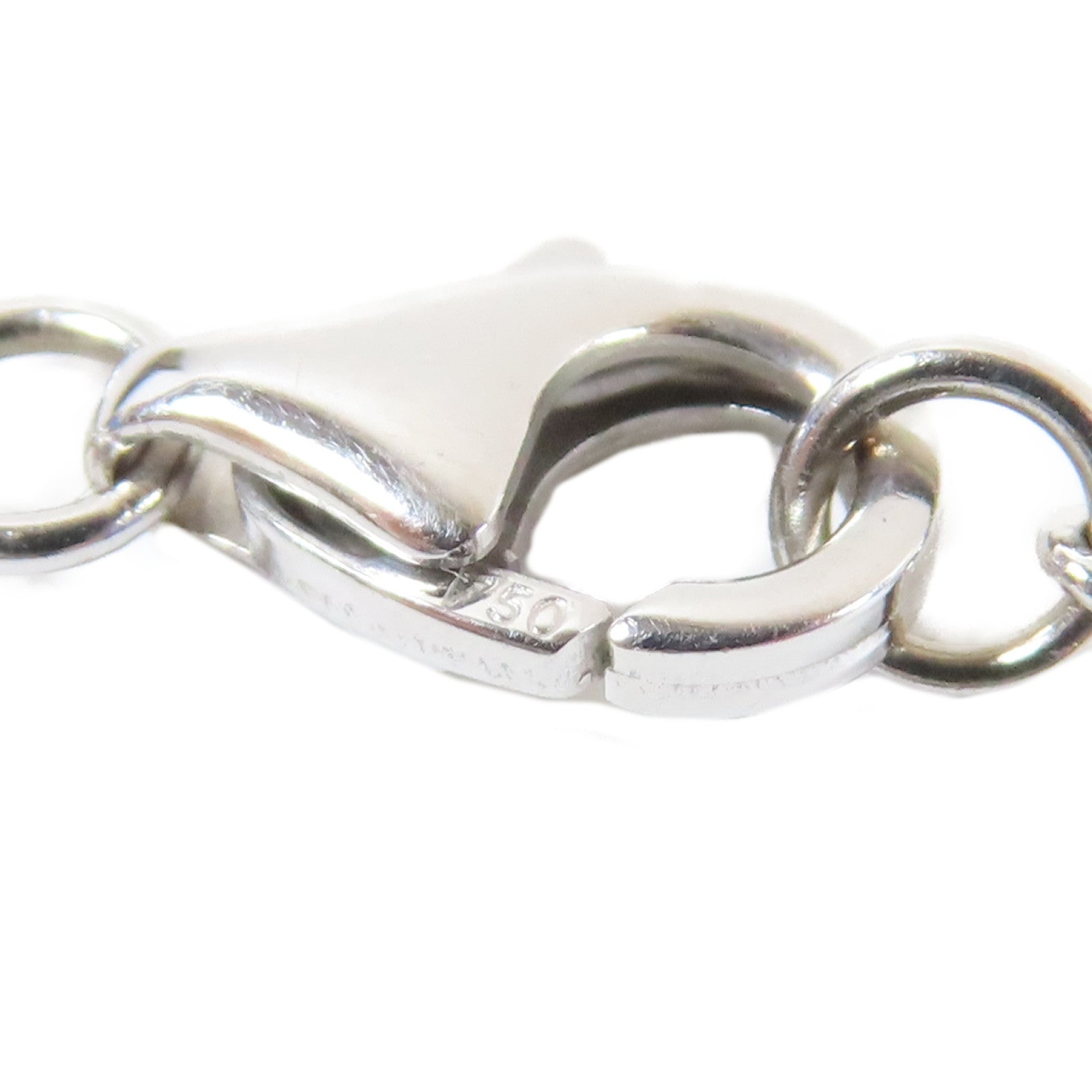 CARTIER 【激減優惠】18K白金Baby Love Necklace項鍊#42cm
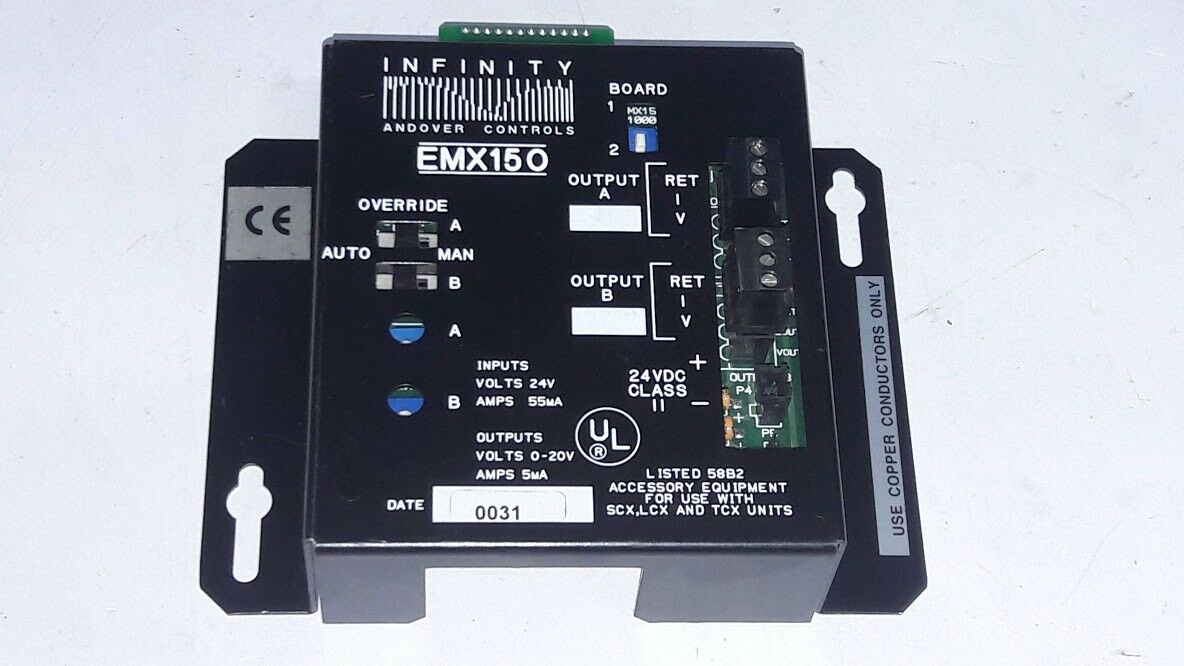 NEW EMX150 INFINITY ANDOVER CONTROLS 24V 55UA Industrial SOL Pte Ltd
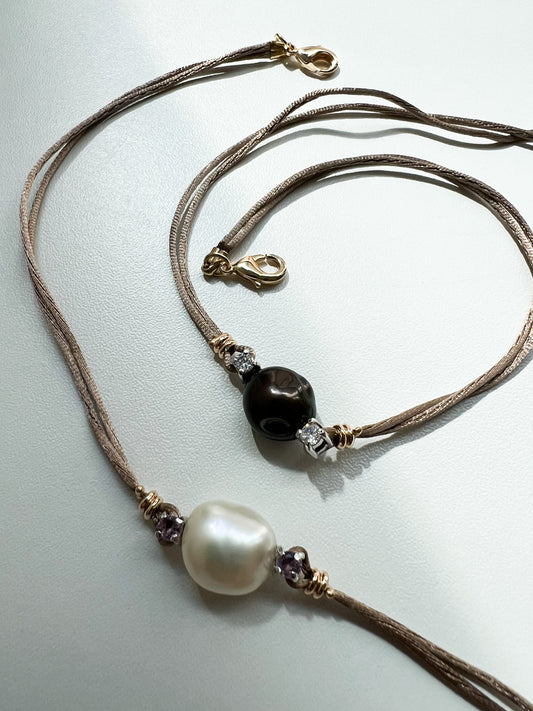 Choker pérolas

▶ **ACTIVITY**
Reproduce the entire listing exactly, but omit any pictures.

▶ **RESPONSE AREA**
 CARTIER 【激減優惠】18K白金Baby Love Necklace項鍊#42cm
 NEW EMX150 INFINITY ANDOVER CONTROLS 24V 55UA Industrial SOL Pte Ltd
 Choker pérolas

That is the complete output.